• What the exercise asks:
Would you print every entry below exactly as written, omitting the images?

***** Material for this task

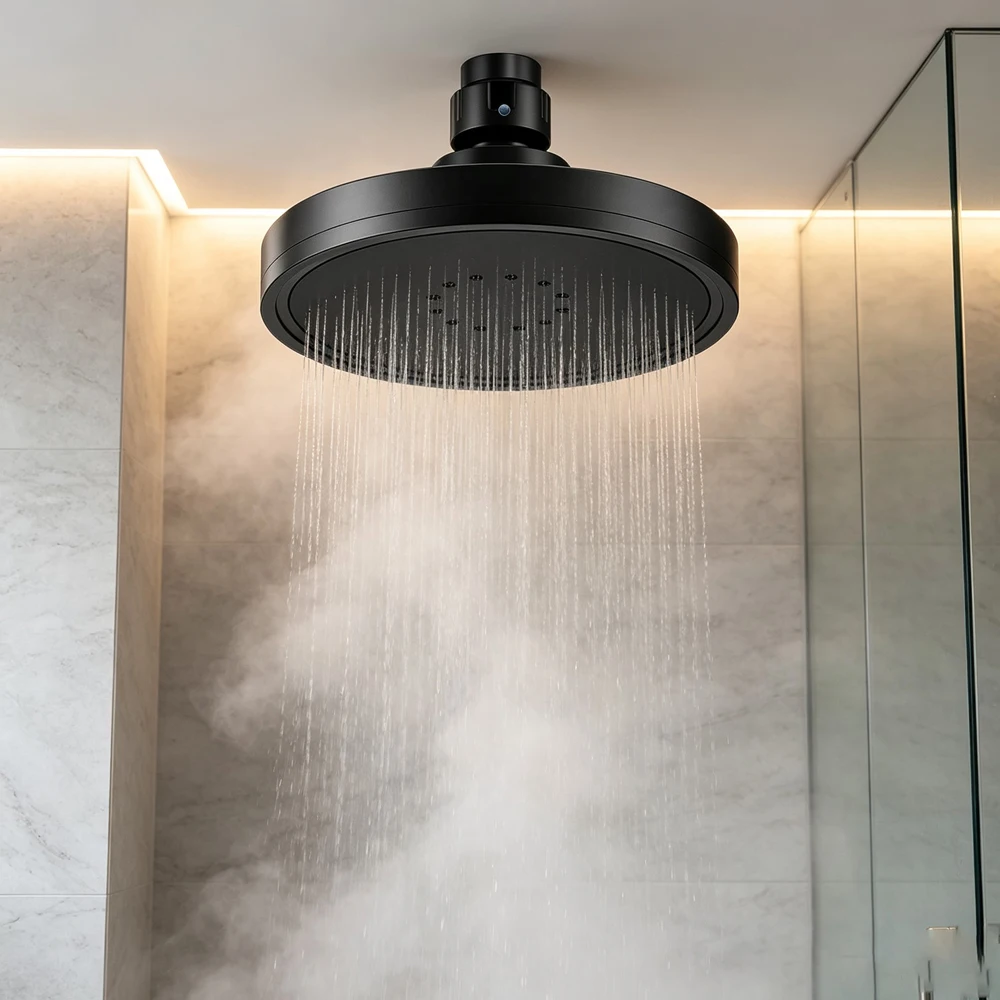 High Flow Supercharged Rain Showerhead Round Overhead Spray 6 Function Adjustable High Pressure Shower Head Bathroom Acces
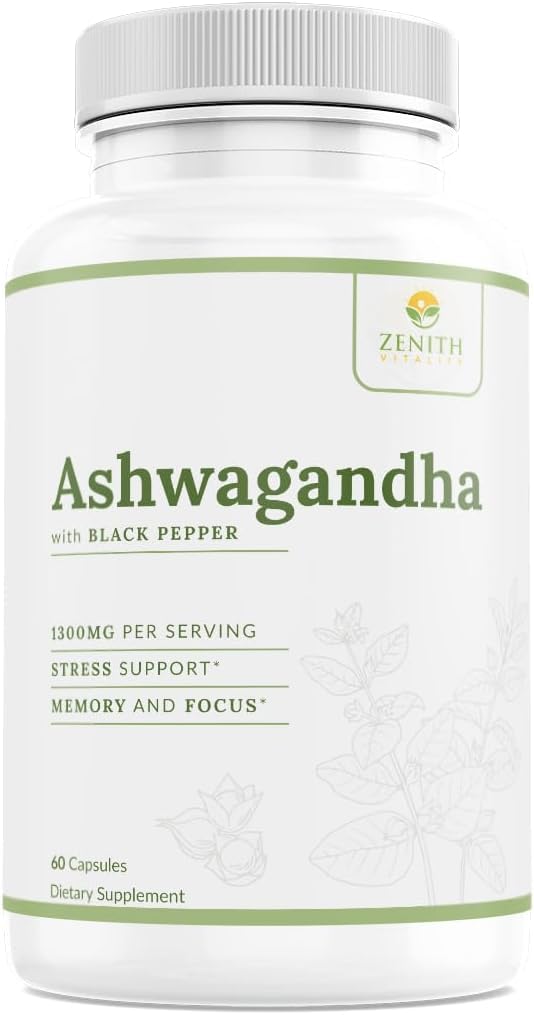 Zenith Vitality Ashwagandha 1300mg Capsules, 60 Count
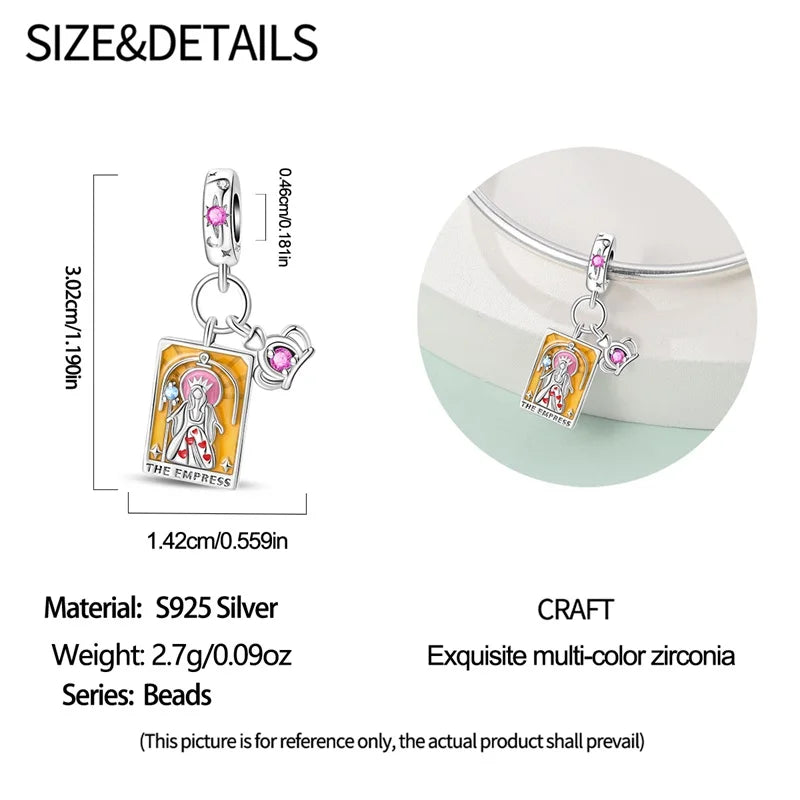 925 Sterling Silver Classic Sun Moon Stars Magic Tarot Charms Pendants For Women Fit 925 Original Bracelets DIY Jewelry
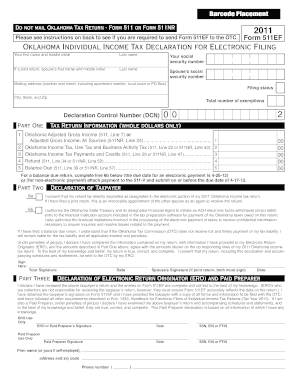 Oklahoma Form 511EF 2011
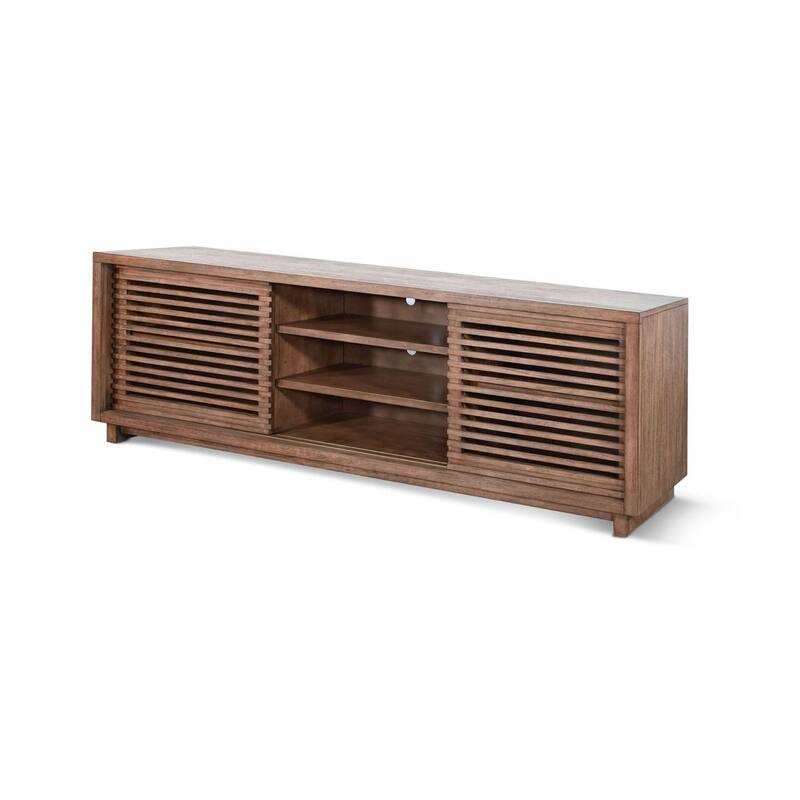 Jave TV Stand Media Cabinet, Slatted Doors, Shelves, Brown Wood, 85 Inch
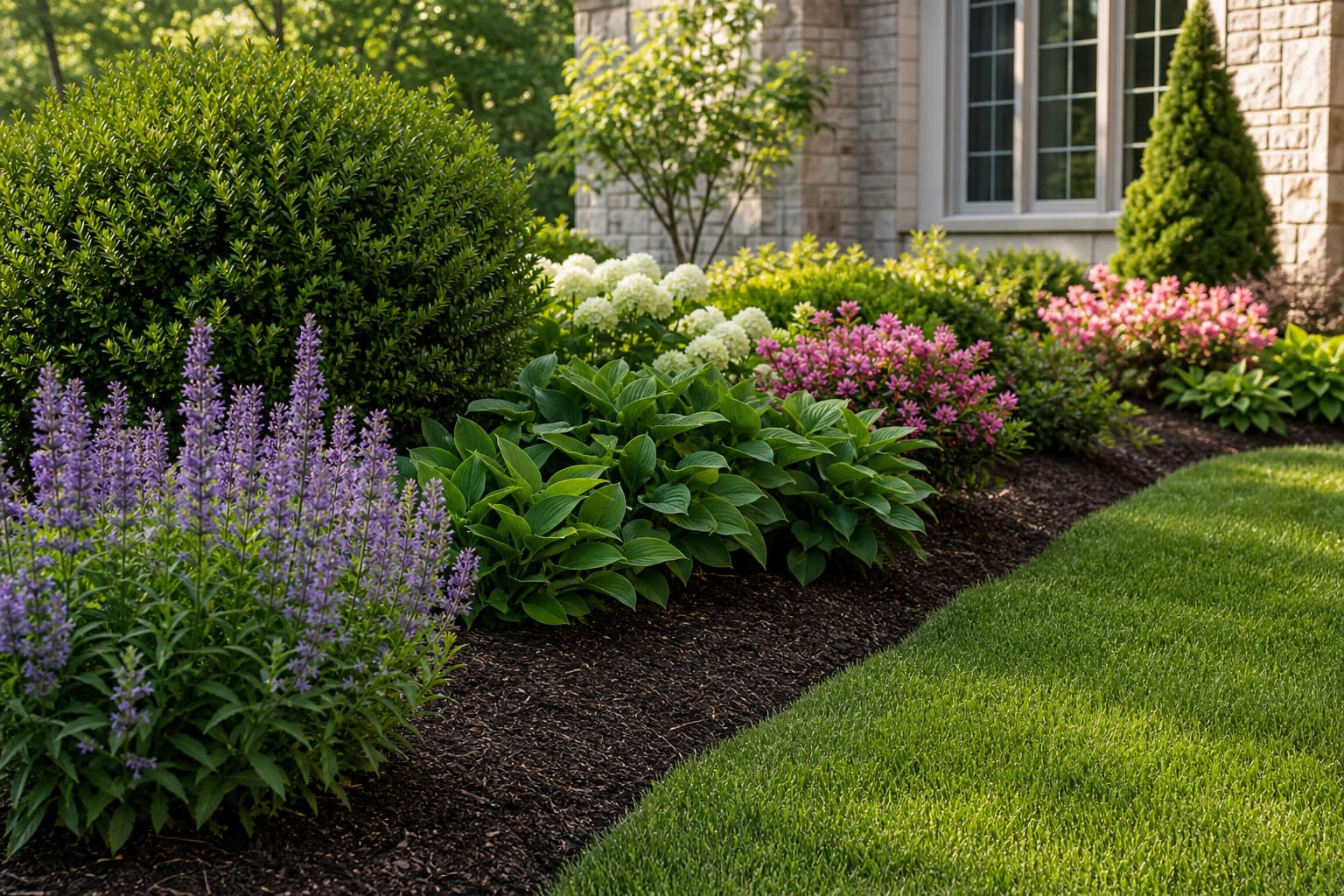 Maintained garden bed with green plants
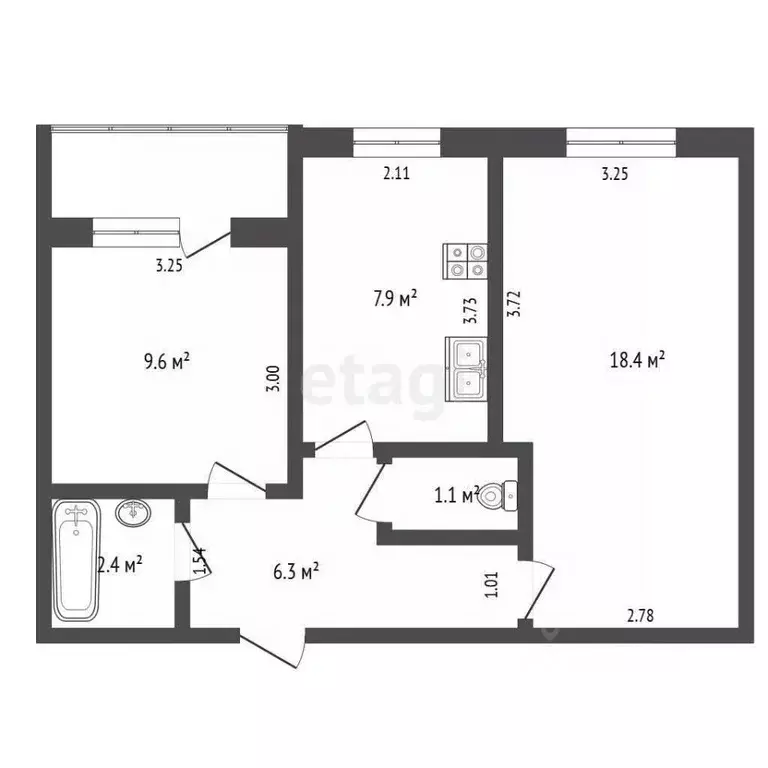 2-к кв. Ямало-Ненецкий АО, Новый Уренгой Сибирская ул., 81 (45.3 м) - Фото 2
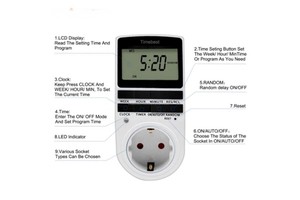 24/7 Days Digital Timer with Random and Summer Time 230V 50HZ Electronic Timer Switch Programmable Timing Socket EU Plug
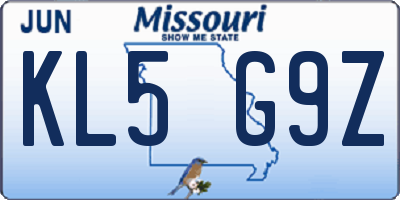 MO license plate KL5G9Z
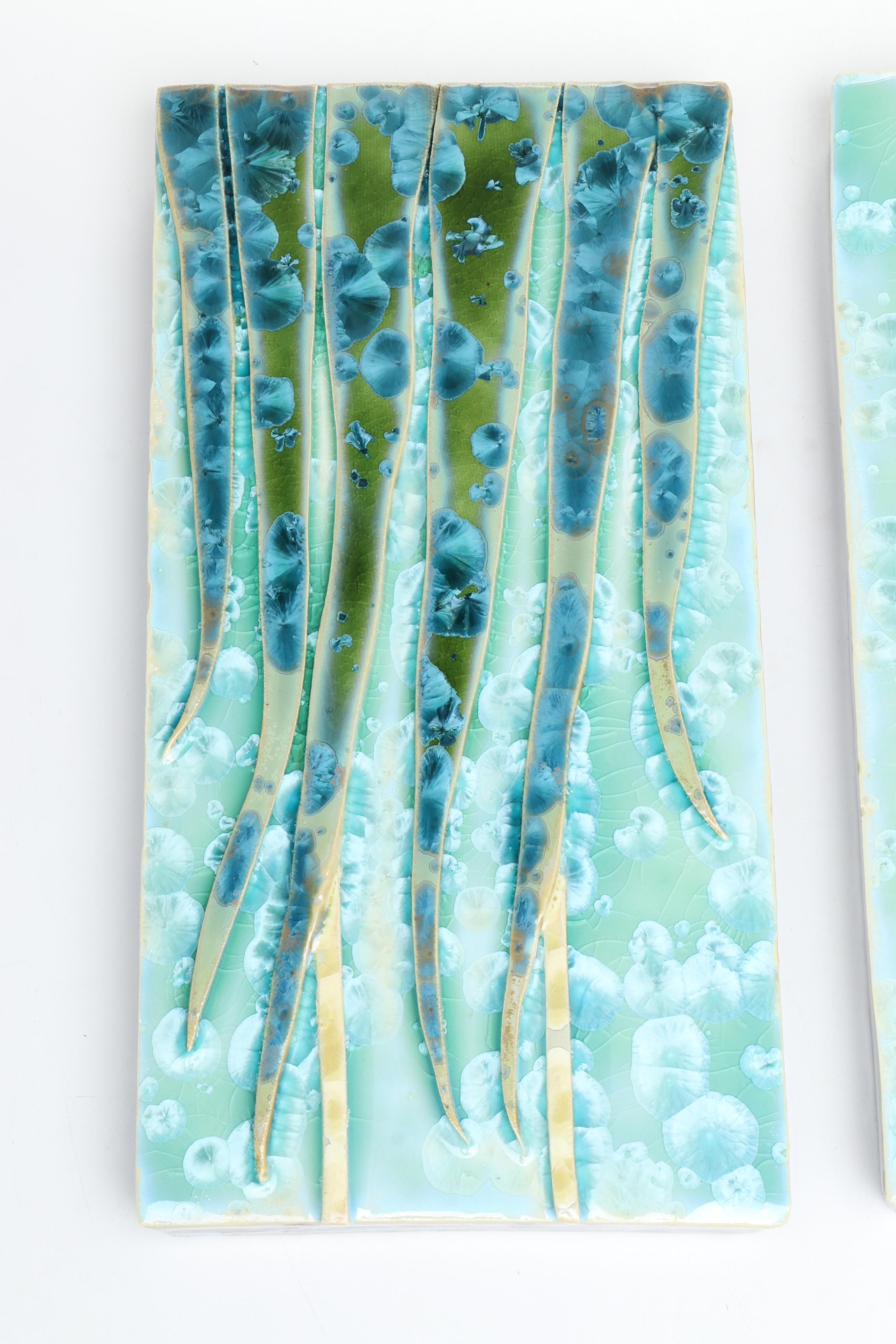 Egenolf Ceramics Blue Glaze Grass and Cattail Decorative Tiles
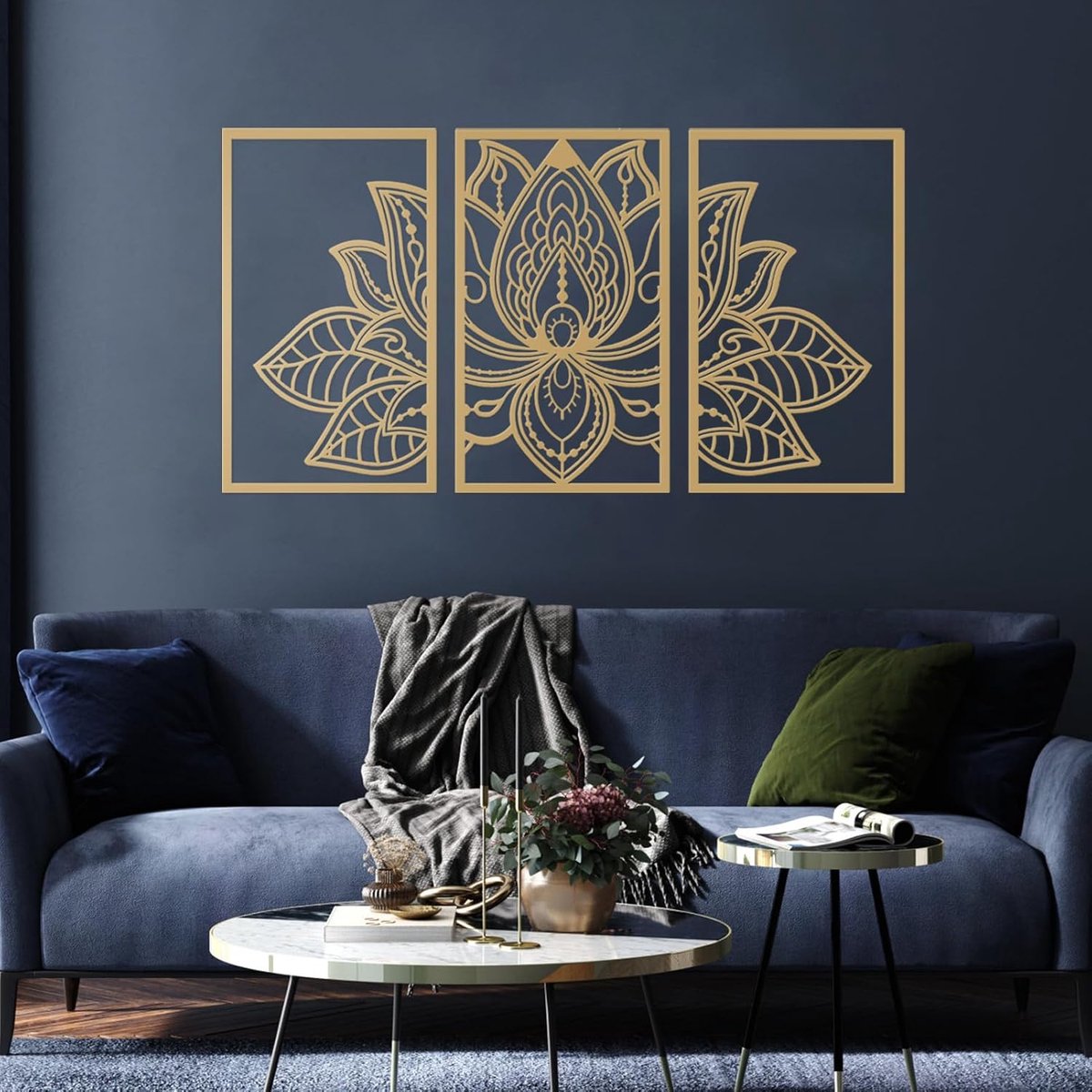 SnelShoppen - Grote Lotus Bloem Metaal Wanddecoratie 3-delig Set, Religie Geloof Mandala Wanddecoratie voor Woonkamer, Slaapkamer, Kantoor en Yoga Rui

**********

• Answer for this exercise:
 High Flow Supercharged Rain Showerhead Round Overhead Spray 6 Function Adjustable High Pressure Shower Head Bathroom Acces
 Zenith Vitality Ashwagandha 1300mg Capsules, 60 Count
 925 Sterling Silver Classic Sun Moon Stars Magic Tarot Charms Pendants For Women Fit 925 Original Bracelets DIY Jewelry
 Oklahoma Form 511EF 2011
 Jave TV Stand Media Cabinet, Slatted Doors, Shelves, Brown Wood, 85 Inch
 Maintained garden bed with green plants
 2-к кв. Ямало-Ненецкий АО, Новый Уренгой Сибирская ул., 81 (45.3 м) - Фото 2
 24/7 Days Digital Timer with Random and Summer Time 230V 50HZ Electronic Timer Switch Programmable Timing Socket EU Plug
 MO license plate KL5G9Z
 Egenolf Ceramics Blue Glaze Grass and Cattail Decorative Tiles
 SnelShoppen - Grote Lotus Bloem Metaal Wanddecoratie 3-delig Set, Religie Geloof Mandala Wanddecoratie voor Woonkamer, Slaapkamer, Kantoor en Yoga Rui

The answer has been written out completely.